While Lucia Mar schools are making progress in many key areas, there is always more work to do. The Dashboard is part of an ongoing conversation with our community of stakeholders on how schools are doing and how schools can do better.
When will results from spring testing be released? 
Individual student score reports will be mailed to families in September. School administrators and teachers will have access to both individual and schoolwide results, and will be prepared to discuss reports with you after they arrive at your home.
How will the test results be used? 

These test results are just one tool teachers and families can use to better understand how well your student is performing in school. The scores are simply one gauge on the dashboard that you and your child’s teacher can use to discuss how far your student has progressed in mastering the new standards. Other school tests, for example, and classroom assignments provide equally important information. Additionally, these results will not be used to determine if a student moves on to the next grade.

How do I read my student’s score report? 

Here’s a brief overview:
Overall Score: In each subject area, your child receives a four-digit score that ranges from 2,000 to 3,000 points. This is the overall score, and it will be used to measure change in achievement over time.
Performance Levels: Overall scores are grouped into categories called “performance levels.” Each child receives an overall performance level for both English-language arts/literacy and for math. There are four performance levels for the overall score: Standard Exceeded, Standard Met, Standard Nearly Met, and Standard Not Met.
Results also show sets of skills:Within each subject area there is additional information for each set of skills that was measured. There are four sets in English-language arts/literacy and three in math. Your child will receive one of three possible performance levels for each set: Above Standard, At or Near Standard, or Below Standard. The image below shows what this looks like in the report.

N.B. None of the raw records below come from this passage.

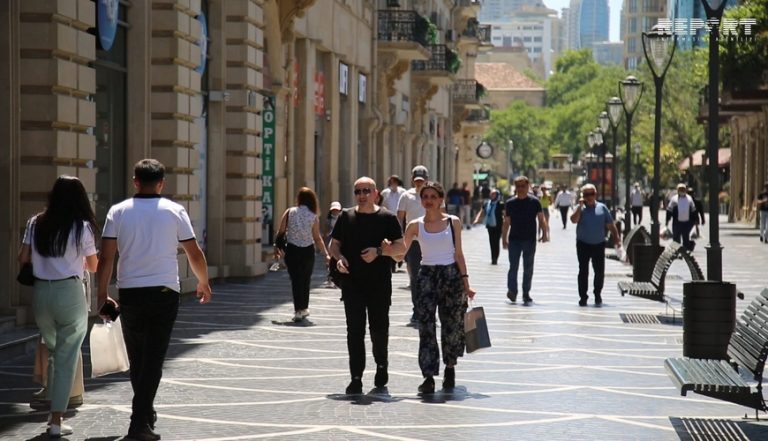 13-11-34-e93722370f695c5e0f7ccc8c8c5376ab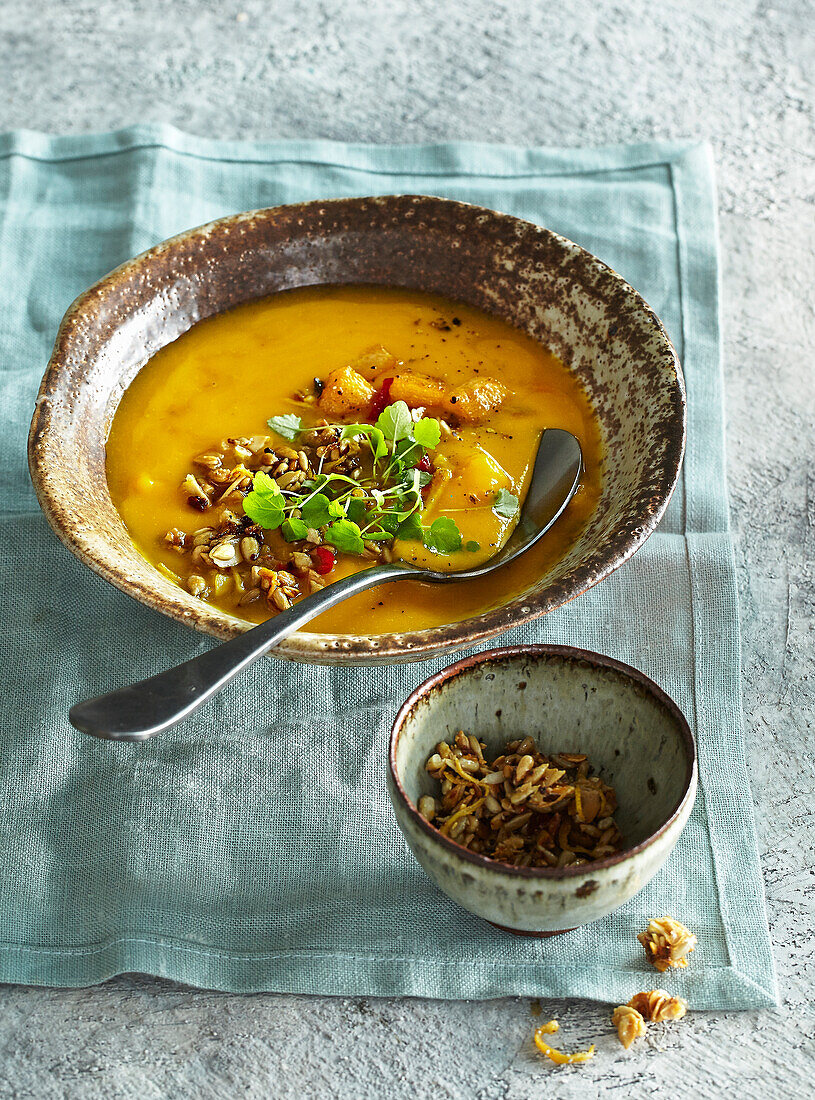 Soup prepared from baked sweet potatoes with honey seeds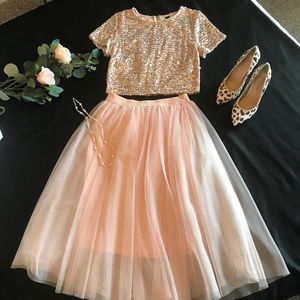 Formal crop top and tulle pink skirt
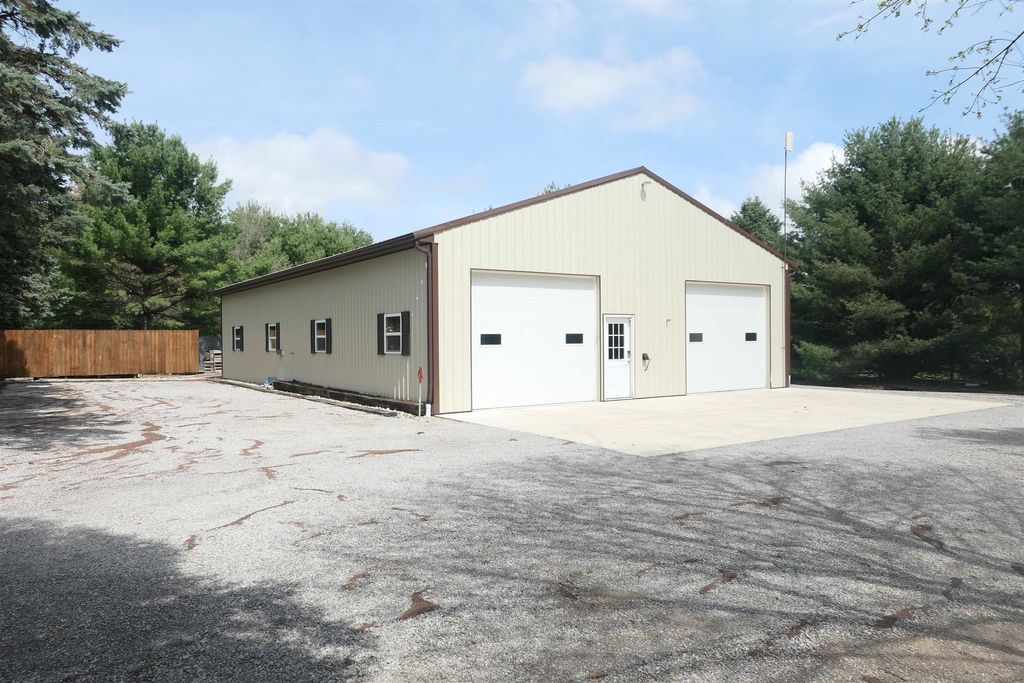 6264 Wildwood, Seville township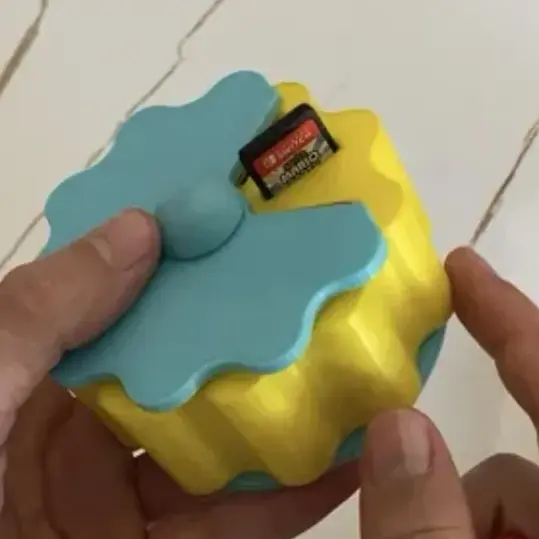 rotating Nintendo switch game holder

How do this year’s test results compare to previous years?

These tests cannot be compared to any standardized tests from years past, because they are too fundamentally different. The new tests are computer adaptive, more personalized, and measure a wider range of skills and knowledge than previous pencil-paper tests. More importantly, the new tests are a better measurement of the critical thinking skills and depth of knowledge needed to succeed in college and in the workforce.
This year’s test results represent a new starting point for student achievement – in other words, we’ve hit the reset button and provided a new baseline for measuring students’ growth from here.
How will results be used by colleges and universities? 
For 11th-grade students, results are used for the Early Assessment Program (EAP), which is used by the California State University (CSU) system and some community colleges to determine whether a student is ready for college-level English and math courses. Student scores are also used to exempt students from some placement tests. More info: or
 At this time, no public higher education system in California uses the EAP results for admission.
How do these assessments tie in with the new standards and the state’s new school funding formula?
The new assessments are part of a larger plan for ensuring high-quality teaching and learning in every school. The plan also includes higher academic standards, more decision-making in the hands of schools and communities, and more resources dedicated to schools and to students with the greatest needs.
What happened to the API?
The Academic Performance Index (API) for schools and districts has been suspended until at least fall of 2016, so there will be no API scores calculated from this year’s tests. Parents will still get score reports for their students.
California Education Code now requires the calculation of the API to be based on multiple measures and not only on annual assessments.

According to the law, no more than 60 percent of API can be based on assessment results. The remaining 40 percent needs to be based on other college and career indicators, including college entrance exams, accelerated coursework, attendance, graduation rates, early indicators of college readiness, innovative measures, course taking behaviors, and career preparedness.